Elektrochemie-05 (© 2017 Jos Verstraten)
De spanningsreeks van de in cellen en batterijen
gebruikte materialen. (© 2017 Jos Verstraten)
Een elektrische cel maken met een zo groot mogelijke uitgangsspanning
Om een elektrische cel met een maximale uitgangsspanning te maken moet u twee metalen kiezen die zo ver mogelijk uit elkaar liggen in de spanningsreeks en een voor deze metalen geschikt elektrolyt kiezen. Maar natuurlijk spelen ook andere factoren, zoals prijs, giftigheid, verkrijgbaarheid en lange termijn stabiliteit een zeer belangrijke rol.
In principe zijn er ontelbare combinaties van platen en elektrolyten mogelijk.

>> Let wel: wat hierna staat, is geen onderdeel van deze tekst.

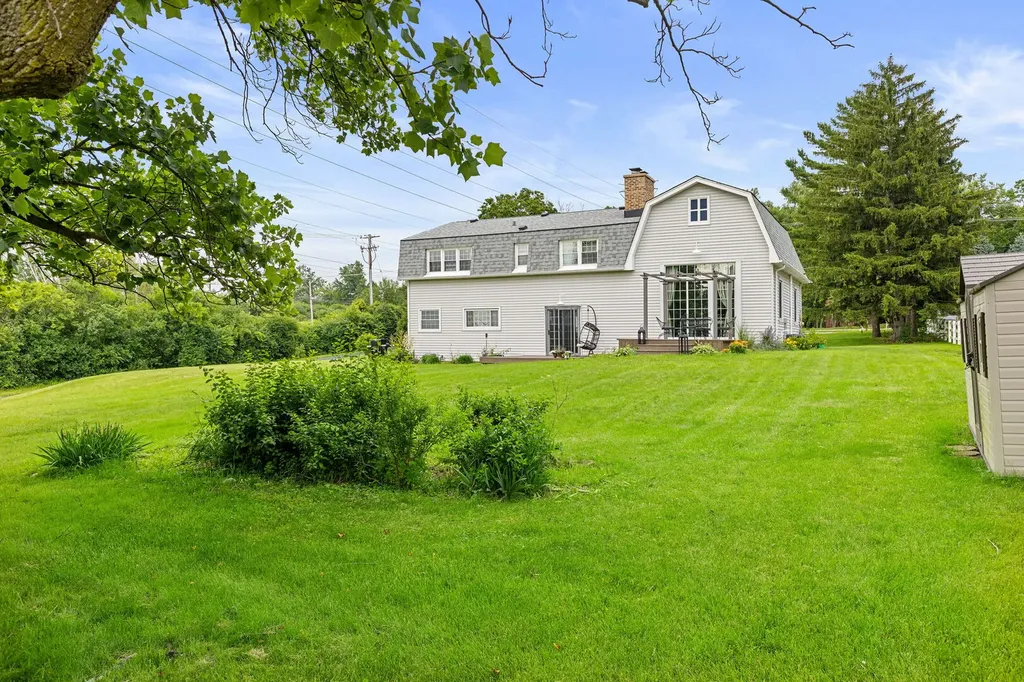 2N330 Swift Road Lombard IL 60148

Natuurlijk zullen niet alle combinaties praktisch bruikbaar zijn. Het komt er op neer een combinatie te vinden die:
       - Goedkoop is.
       - Niet te giftige stoffen bevat.
       - Betrouwbaar is.
       - Een vrij hoge celspanning levert.
       - Niet te veel last heeft van polarisatie.
       - Geen brandbare of giftige gassen produceert.
       - Gemakkelijk en goedkoop te fabriceren is.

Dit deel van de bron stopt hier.